Por que o espírita não teme a morte
O segundo assunto do capítulo demonstra a percepção dos que assimilam a mensagem do espiritismo sobre a vida futura e, portanto, não se preocupam com a morte do corpo físico. Kardec parte do fato de que a doutrina espírita muda completamente a forma de ver o futuro. A vida futura deixa de ser uma hipótese e torna-se uma realidade, ou seja, os princípios espíritas no porvir transformam a incerteza no futuro pós-morte em certeza da continuidade da vida. Modifica um sistema arraigado em crenças de desesperança em um sistema de observação da vida espiritual.
A realidade espiritual
O autor, aqui também, faz duas constatações: de início que a situação das almas após a morte não se explica por meio de um sistema de crenças, mas pelo resultado da observação, que permite conhecer a realidade do mundo espiritual, e que esse conhecimento lhe traz confiança baseada (KARDEC, 2002, p.45) “nos fatos que testemunharam e na concordância com a lógica, com a justiça e a bondade de Deus e com as aspirações mais profundas do homem”, concluindo que o temor da morte para o espírita perde a razão de ser, porque ele não tem dúvida sobre o futuro. Então encara a morte com tranquilidade, aguarda-a como uma libertação.

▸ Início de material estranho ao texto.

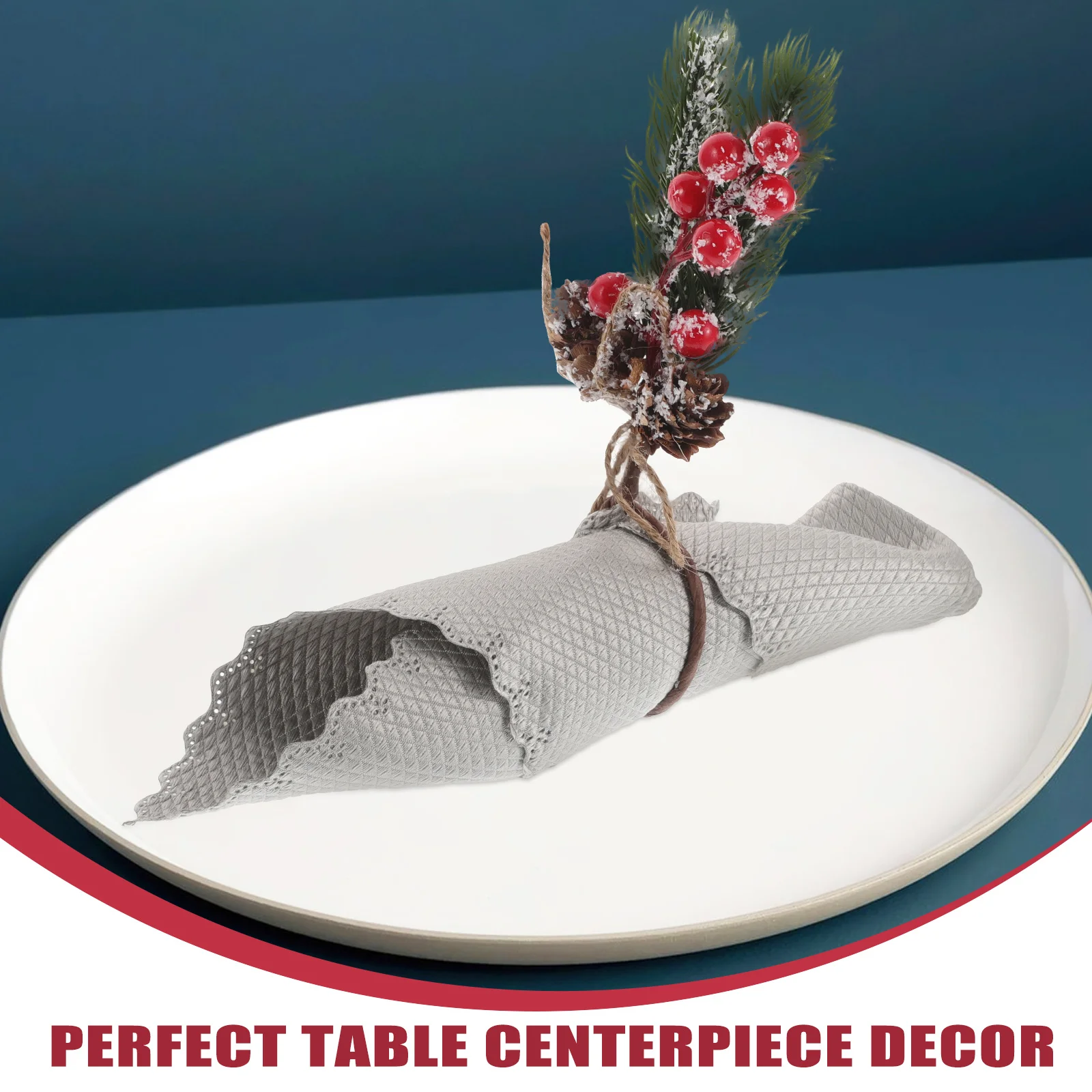 6Pcs Christmas Napkin Rings Cedar Red Berry Festive Holiday Table Setting Reusable Elegant Napkin Holders for Parties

Mundo corpóreo e espiritual: perpétuas relações de apoio
Kardec extrai dessas informações duas causas que levam o espírita a não temer a morte. Primeiro que ele aprendeu que a alma não é uma abstração, tem um corpo que a faz um ser definido, uma forma concreta, seres viventes, que estão à nossa volta e, segundo, que o mundo corpóreo e o espiritual identificam-se em perpétuas relações de apoio mútuo.
O espiritismo detém um conhecimento que mitiga medos e fobias, que consola pelo conhecimento e sentimento. Dele pode-se absorver a confiança e atitude altruísta diante das calamidades e problemas humanos, convictos pelas informações que demonstram a justiça e bondade divina a nos cercar de garantias de uma vida futura de paz e harmonia.
O espiritismo venceu a morte!
Oh morte! donde estás?
Agora cala-te diante dos fatos irrefutáveis.
Transformastes em liberdade,
porque conhecemos a Verdade!
KARDEC, Allan. O céu e o inferno ou A justiça divina segundo o espiritismo. Tradução J. Herculano Pires e João Teixeira de Paula. 10. ed. São Paulo: Lake, 2002.
*Escritor, pesquisador e colaborador da Associação Espírita Casa dos Humildes, no Recife, e da Associação Brasileira dos Divulgadores do Espiritismo.